On a day when home player Justin Harding roared home in 30 to set the pace with a seven-under-par 63, the tartan trio all carded 68s to sit in a share of sixth position.

Henry’s effort, which contained five birdies, was a bonus for the 28-year-old Clydebank man after he’d headed out not knowing what to expect.

“I hurt my back last week when I was home, probably because I was trying to swing it properly in freezing conditions,” said Henry. “As a result, I’ve been stuggling to swing this week.

“I didn’t play very well today but just tried my best to be smart and I’m happy to shoot wat now seems like a decent score.”

After his round, the former Scottish Stroke-Play champion was given some anti-inflammatory pills by the Tour phsyios and sent back to his hotel to rest.

“It’s strange feeling not 100% physically fit, especially for me,” added Henry. “It happened just before I left to come out here.
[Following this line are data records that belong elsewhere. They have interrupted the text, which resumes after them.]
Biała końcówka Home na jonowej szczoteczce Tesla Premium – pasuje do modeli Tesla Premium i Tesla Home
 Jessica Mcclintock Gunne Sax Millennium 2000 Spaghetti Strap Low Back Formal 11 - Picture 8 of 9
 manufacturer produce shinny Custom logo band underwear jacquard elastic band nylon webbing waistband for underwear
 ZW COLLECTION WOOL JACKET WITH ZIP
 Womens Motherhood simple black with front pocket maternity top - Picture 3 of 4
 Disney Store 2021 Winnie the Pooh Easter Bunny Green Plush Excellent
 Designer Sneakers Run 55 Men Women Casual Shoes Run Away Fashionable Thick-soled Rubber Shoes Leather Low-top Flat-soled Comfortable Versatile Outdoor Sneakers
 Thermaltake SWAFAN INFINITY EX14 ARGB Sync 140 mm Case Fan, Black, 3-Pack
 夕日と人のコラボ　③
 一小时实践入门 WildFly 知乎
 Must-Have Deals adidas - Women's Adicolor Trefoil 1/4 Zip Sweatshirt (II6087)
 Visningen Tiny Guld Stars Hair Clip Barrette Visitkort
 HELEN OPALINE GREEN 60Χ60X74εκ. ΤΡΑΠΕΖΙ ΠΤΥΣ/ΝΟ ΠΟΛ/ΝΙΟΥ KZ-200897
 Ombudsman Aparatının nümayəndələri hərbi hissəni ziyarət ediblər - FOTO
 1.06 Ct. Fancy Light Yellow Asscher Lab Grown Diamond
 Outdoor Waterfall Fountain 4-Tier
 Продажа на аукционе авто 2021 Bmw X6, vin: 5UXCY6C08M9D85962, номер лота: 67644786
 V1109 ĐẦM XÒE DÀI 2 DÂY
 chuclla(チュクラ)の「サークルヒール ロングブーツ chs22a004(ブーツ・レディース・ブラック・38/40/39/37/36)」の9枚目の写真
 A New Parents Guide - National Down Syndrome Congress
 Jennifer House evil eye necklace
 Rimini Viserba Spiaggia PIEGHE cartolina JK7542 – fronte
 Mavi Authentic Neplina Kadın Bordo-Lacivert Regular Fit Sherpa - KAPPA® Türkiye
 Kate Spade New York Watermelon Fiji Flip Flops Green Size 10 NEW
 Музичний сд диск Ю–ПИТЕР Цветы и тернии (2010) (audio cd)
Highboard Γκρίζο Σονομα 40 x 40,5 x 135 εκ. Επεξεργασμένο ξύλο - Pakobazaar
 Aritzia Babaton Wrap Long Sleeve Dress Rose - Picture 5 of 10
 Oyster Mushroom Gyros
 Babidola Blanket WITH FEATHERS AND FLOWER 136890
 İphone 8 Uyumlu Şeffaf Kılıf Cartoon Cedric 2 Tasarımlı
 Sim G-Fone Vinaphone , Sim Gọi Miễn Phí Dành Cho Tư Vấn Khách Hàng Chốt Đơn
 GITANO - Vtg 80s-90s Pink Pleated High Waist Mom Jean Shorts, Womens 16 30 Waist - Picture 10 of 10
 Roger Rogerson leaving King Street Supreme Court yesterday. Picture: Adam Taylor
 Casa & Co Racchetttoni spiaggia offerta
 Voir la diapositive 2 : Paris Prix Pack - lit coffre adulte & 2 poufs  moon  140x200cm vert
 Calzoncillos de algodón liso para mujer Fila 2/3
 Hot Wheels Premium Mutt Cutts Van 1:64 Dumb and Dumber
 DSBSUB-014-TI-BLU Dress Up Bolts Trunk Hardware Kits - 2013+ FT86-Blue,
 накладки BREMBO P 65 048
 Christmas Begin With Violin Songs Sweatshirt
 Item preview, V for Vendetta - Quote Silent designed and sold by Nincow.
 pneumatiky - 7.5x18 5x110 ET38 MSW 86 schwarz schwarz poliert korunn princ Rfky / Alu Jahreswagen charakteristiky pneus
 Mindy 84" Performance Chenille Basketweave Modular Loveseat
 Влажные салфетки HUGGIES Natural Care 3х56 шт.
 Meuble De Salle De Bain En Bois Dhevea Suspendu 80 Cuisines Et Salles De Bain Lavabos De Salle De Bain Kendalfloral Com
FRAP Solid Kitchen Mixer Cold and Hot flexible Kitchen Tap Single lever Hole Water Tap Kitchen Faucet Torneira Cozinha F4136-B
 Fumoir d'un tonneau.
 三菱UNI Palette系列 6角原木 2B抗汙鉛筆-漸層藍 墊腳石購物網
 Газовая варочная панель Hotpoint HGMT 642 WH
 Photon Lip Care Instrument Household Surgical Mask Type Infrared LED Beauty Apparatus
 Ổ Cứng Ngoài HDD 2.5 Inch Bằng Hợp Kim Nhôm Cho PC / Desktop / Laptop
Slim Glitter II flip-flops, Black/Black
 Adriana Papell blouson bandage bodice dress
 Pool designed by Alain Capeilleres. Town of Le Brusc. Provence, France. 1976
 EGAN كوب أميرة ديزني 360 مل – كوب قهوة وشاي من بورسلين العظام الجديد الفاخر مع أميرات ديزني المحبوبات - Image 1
I was playing at Mar Hall and I just felt cold all day.

“I was never a doubt for competing, though, as I thought it would pass quicker, plus I’ve got to make the most of the tournaments I get into.”

Two late bogeys took a “bit of shine” off McLeary’s round, which was illuminated by an eagle-3 at the ninth. “The biggest slice of luck I’ve ever had,” he said of that, having seen a pulled approach his both a cart then a tree before ending up 18 feet from the hole.

The 34-year-old has made just one cut in four starts since regaining his European Tour card through finishing 15th on the Challenge Tour monet-list last season.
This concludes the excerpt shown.